Record excerpts: Begin

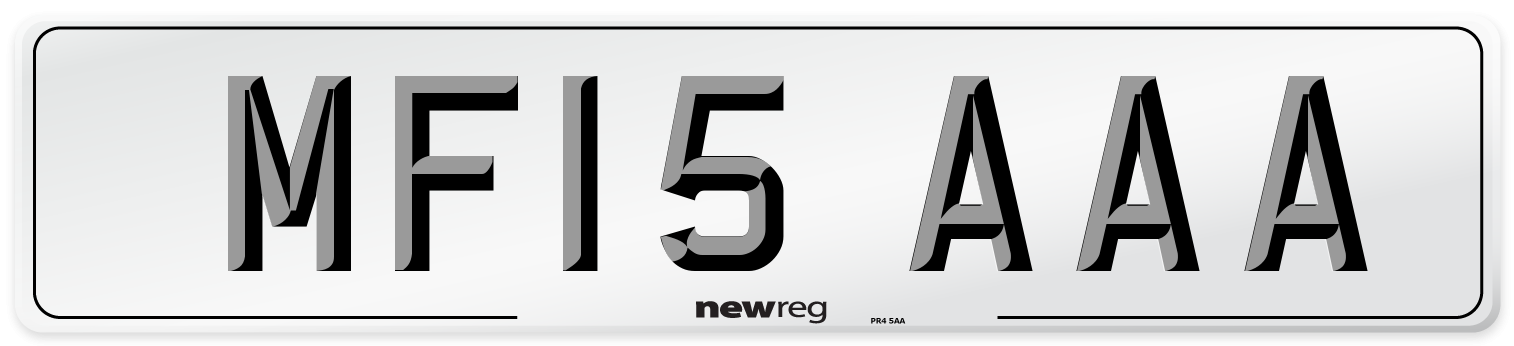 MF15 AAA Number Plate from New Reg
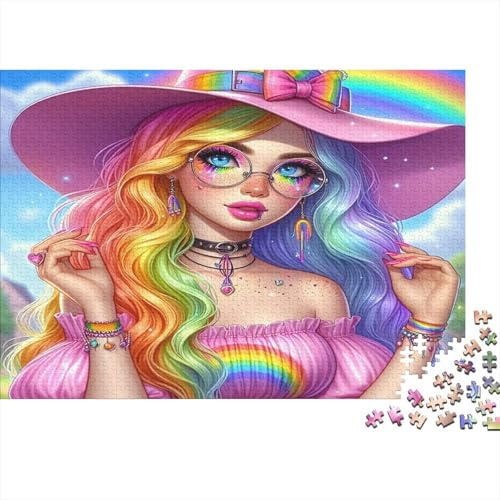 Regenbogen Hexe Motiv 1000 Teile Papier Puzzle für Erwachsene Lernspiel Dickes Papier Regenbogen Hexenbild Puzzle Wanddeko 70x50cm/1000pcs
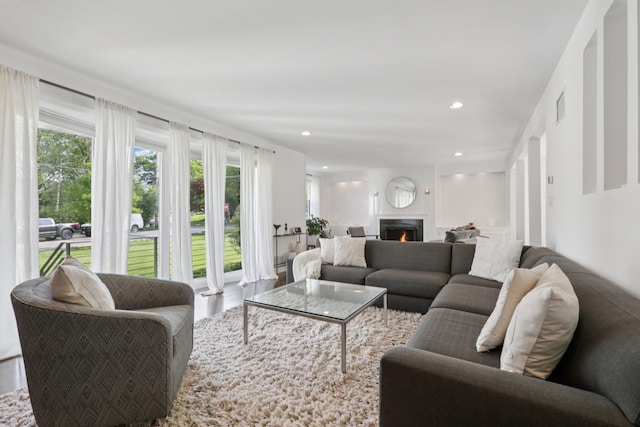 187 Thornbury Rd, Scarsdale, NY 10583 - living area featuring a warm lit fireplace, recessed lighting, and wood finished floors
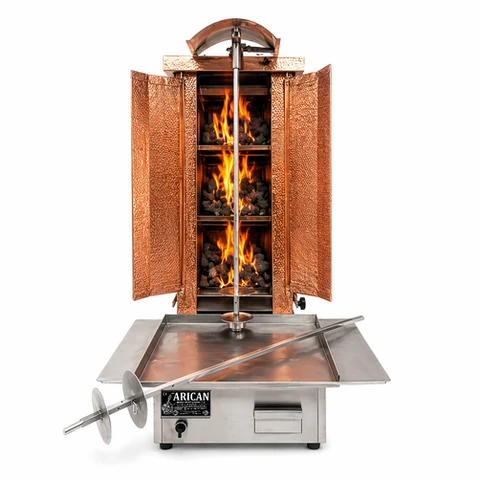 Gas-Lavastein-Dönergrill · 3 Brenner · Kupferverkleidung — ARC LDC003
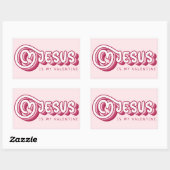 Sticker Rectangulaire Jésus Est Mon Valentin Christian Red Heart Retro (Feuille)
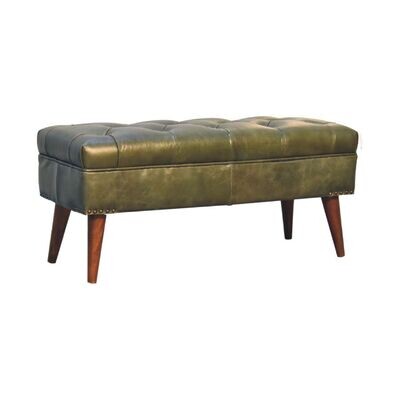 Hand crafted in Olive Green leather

Record excerpts: End
Record excerpts: Begin

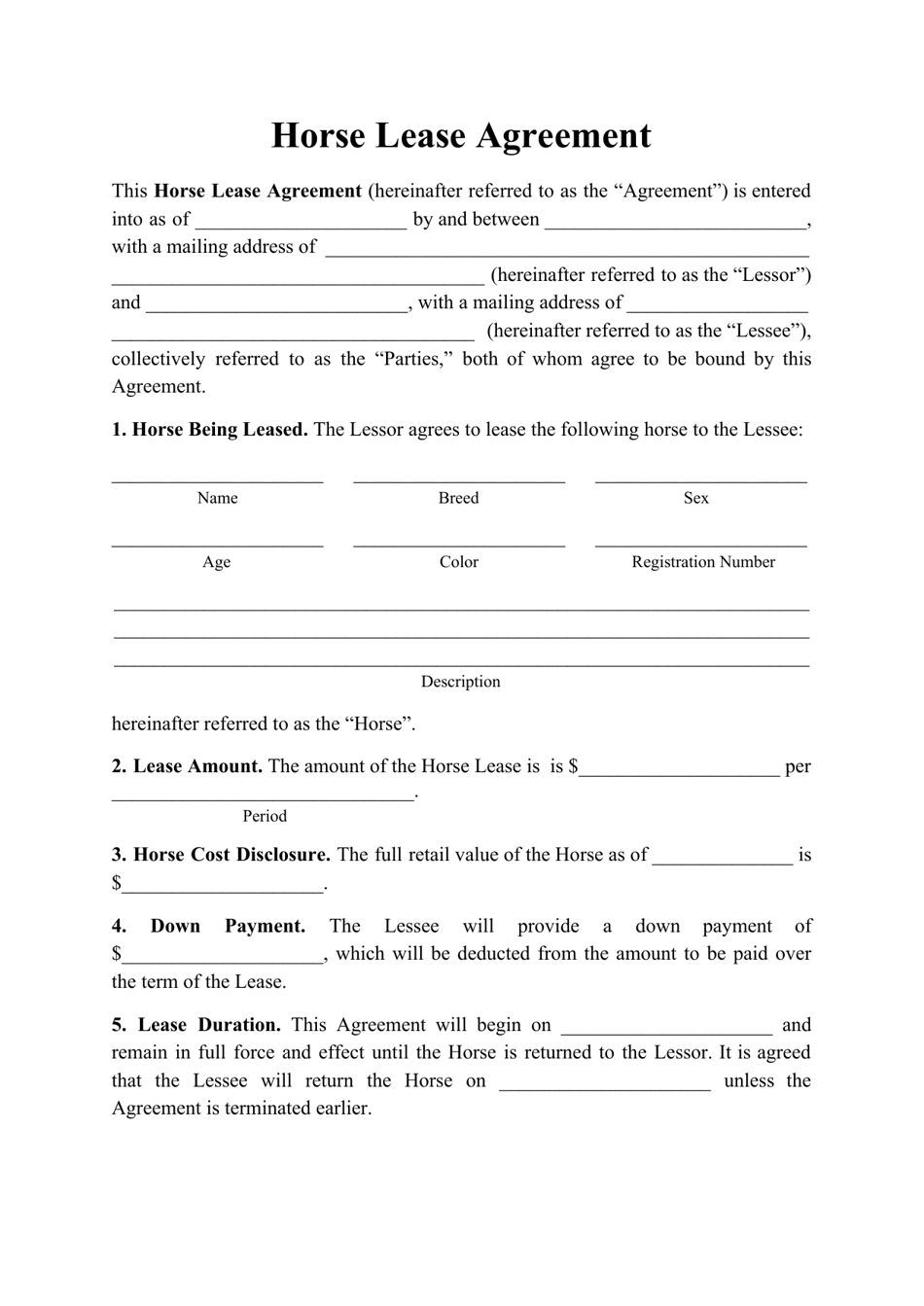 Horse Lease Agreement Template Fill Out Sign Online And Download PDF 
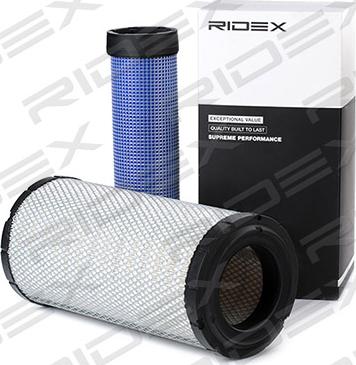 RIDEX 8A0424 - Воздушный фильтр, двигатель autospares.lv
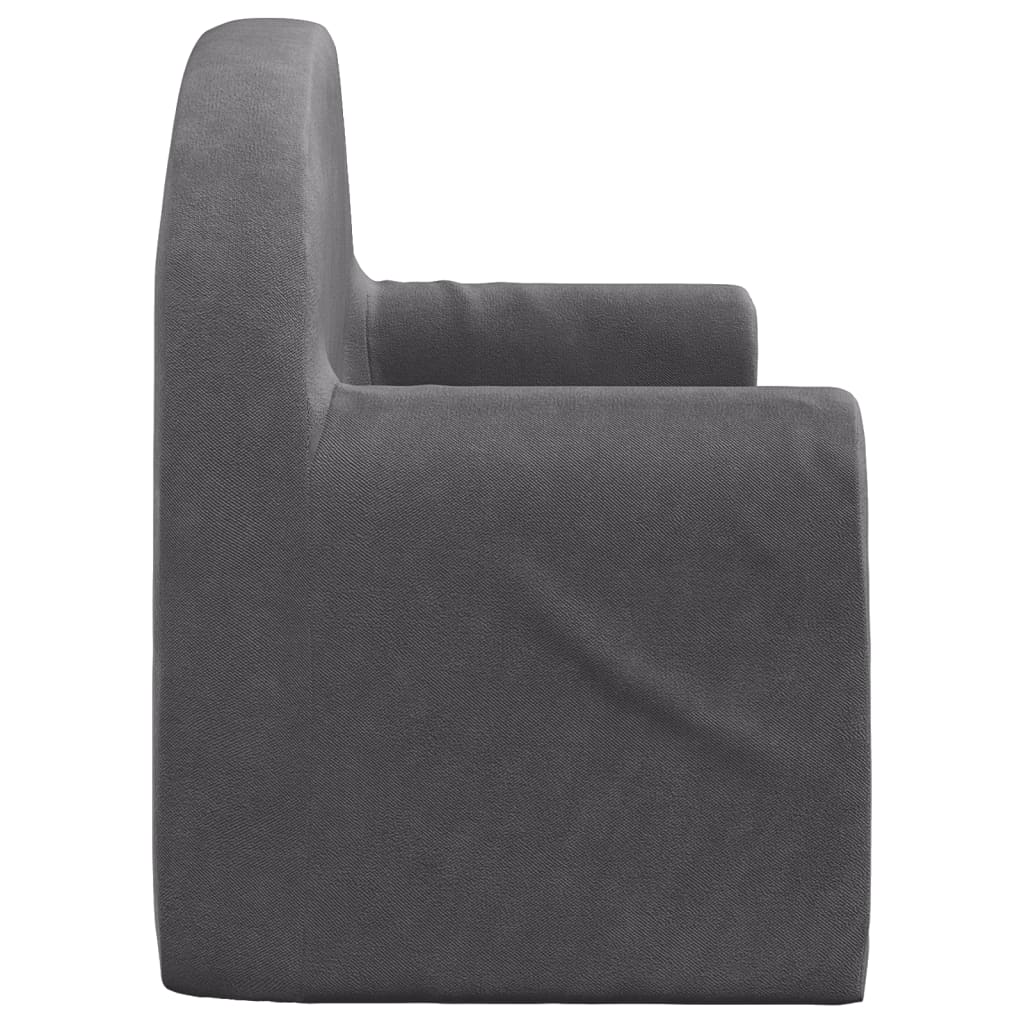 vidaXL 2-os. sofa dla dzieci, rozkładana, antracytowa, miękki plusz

Record excerpts: End
Record excerpts: Begin

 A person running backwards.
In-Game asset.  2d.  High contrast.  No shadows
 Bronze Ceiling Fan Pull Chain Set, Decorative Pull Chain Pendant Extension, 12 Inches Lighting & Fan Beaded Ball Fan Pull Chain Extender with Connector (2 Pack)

Record excerpts: End

• Task directions
Of the entries above, repeat exactly the lines between the line with "A person running backwards." and the line with "Bronze Ceiling Fan", inclusive, and no others.

• Answer space
 A person running backwards.
In-Game asset.  2d.  High contrast.  No shadows
 Bronze Ceiling Fan Pull Chain Set, Decorative Pull Chain Pendant Extension, 12 Inches Lighting & Fan Beaded Ball Fan Pull Chain Extender with Connector (2 Pack)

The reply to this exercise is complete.